Let your doctor know if you answered yes to any of these questions.
Diagnosing POP begins with a complete medical history and physical examination. The doctor will carefully examine your vulva and vagina for any lesions or ulcers and will perform an internal examination to identify any prolapsed organs. The doctor will also conduct a rectal examination to test for the resting tone and contraction of the anal muscle and to look for any abnormalities in that region. The doctor may also examine you while you're standing (to see if gravity brings the organs down) and may ask you to strain as if you were urinating or having a bowel movement. A check of the nerves and reflexes in this area may be included.

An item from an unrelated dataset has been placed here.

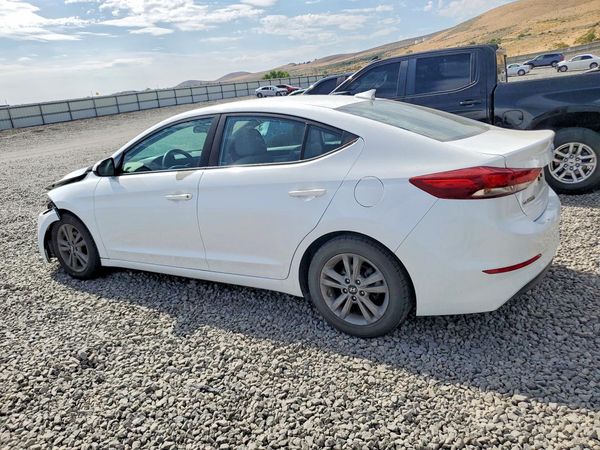 2018 HYUNDAI ELANTRA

POP refers to a displacement of one of the pelvic organs (uterus, vagina, bladder or rectum). These displacements are typically graded on a scale of 0 to 4, with 0 being no prolapse and 4 being total prolapse (called procidentia). Your doctor will determine which type of prolapse you have. The different types include the following:
* Bladder prolapse (cystocele). In this form, the bladder falls toward the vagina, creating a bulge in the vaginal wall. Usually the urethra also prolapses with the bladder, called urethrocele. The two together are called cystourethrocele. Symptoms include stress incontinence (when you urinate a little when you sneeze, cough, jump, etc.) or problems urinating.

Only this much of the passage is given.